Top left: the template function of the 1D toy problem. Top right: the correlation function derived as the autocorrelation of the template. Bottom left: one random sample containing a true signal, with the signal truth expectation shown in dashed orange. Bottom right: two significance maps generated using the toy MC procedure. The blue line contains a true signal, whereas the black dashed line does not

In this demonstration, values of \(b=3 \hbox {mm}\) and \(v=3\times 10^5 \hbox {m/s}\) are used, and the sampling rate is \(10^9 \hbox {Hz}\). With this information, we can generate the template for template matching, and then compute the covariance function using Eq. (3). As this system is also described by a stationary random field, this is done by computing the autocorrelation of the template. These are shown together with MC data samples in Fig. 6.

Table 2 Global p values at \(4\sigma \) and \(5\sigma \) local significance for the 1D template matching problem. It can be seen that the p values are consistent within stated binomial errors, and both the best fit value produced using a \(1\%\) sample size and the estimate produced with Eq. (8) reproduce the simulated values well

As in Sect. 3, the global p values at \(4\sigma \) and \(5\sigma \) local significance are computed using \(10^5\) signal-free samples each using a toy MC, direct sampling of the Gaussian random field using the covariance function, sampling of the Gaussian random field in frequency space, and a best-fit with \(10^3\) samples using Eq. (7). The best-fit only uses data points after \(u^2=10\), where the excursion probability is approximately \(0.1\). These results are shown in Table 2.
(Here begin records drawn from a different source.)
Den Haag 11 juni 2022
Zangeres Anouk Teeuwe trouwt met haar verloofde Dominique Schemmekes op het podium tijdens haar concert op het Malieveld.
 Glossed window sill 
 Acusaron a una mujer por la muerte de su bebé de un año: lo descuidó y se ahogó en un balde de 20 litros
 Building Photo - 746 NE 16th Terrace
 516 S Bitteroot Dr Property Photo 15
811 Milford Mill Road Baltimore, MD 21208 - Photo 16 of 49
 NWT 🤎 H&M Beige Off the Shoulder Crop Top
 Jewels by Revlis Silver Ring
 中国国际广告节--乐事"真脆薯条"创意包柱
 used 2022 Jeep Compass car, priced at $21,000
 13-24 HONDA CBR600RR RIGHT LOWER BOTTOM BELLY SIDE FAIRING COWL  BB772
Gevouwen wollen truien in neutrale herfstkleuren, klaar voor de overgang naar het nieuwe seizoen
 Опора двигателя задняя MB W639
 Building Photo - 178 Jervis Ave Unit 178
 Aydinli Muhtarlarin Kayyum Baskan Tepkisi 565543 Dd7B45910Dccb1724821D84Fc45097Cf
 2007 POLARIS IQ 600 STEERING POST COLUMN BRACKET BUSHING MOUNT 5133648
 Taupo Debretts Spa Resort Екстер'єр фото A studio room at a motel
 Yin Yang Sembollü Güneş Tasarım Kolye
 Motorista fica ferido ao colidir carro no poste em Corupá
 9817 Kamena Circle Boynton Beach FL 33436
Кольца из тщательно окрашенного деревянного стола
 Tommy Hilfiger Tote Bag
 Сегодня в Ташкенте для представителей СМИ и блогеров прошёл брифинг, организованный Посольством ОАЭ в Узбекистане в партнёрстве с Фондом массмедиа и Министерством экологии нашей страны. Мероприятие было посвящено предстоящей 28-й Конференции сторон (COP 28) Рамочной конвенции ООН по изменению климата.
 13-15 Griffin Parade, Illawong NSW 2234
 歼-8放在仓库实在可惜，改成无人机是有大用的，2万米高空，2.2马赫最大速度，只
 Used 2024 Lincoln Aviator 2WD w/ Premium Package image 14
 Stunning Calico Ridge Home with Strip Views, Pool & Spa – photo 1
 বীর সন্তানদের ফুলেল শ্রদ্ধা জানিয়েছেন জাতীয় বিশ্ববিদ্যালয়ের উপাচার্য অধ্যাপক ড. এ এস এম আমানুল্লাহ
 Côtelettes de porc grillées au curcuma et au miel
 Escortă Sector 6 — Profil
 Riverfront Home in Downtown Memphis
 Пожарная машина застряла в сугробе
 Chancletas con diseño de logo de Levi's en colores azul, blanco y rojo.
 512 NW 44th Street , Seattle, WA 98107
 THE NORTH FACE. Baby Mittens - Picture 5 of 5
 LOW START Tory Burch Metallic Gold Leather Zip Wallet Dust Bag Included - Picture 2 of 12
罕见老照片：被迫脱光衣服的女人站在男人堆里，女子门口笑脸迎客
As we expect, the different values agree with the computed uncertainty, demonstrating how the methods outlined in this paper can be used to estimate the look-elsewhere effect. While the example here uses a template that is relevant to the Windchime project, this procedure can be used in general to calibrate the look-elsewhere effect correction for problems involving template matching or matched filtering of time-series data, including sonar [25] and fast radio burst detection [26]. It should be noted that for cases involving multiple templates, correlations between templates would need to be computed as well to avoid underestimation of the significance of a signal.

5 The look-elsewhere effect in a peak search with profile likelihoods

Profile likelihoods are often used in particle physics experiments as part of likelihood ratio tests [13]. In this section, we explore the use of Gaussian random fields to model the look-elsewhere effect correction for a peak search using a likelihood ratio test. This type of statistical problem can be encountered in dark matter searches such as [3, 27], or resonance searches in collider experiments [28, 29].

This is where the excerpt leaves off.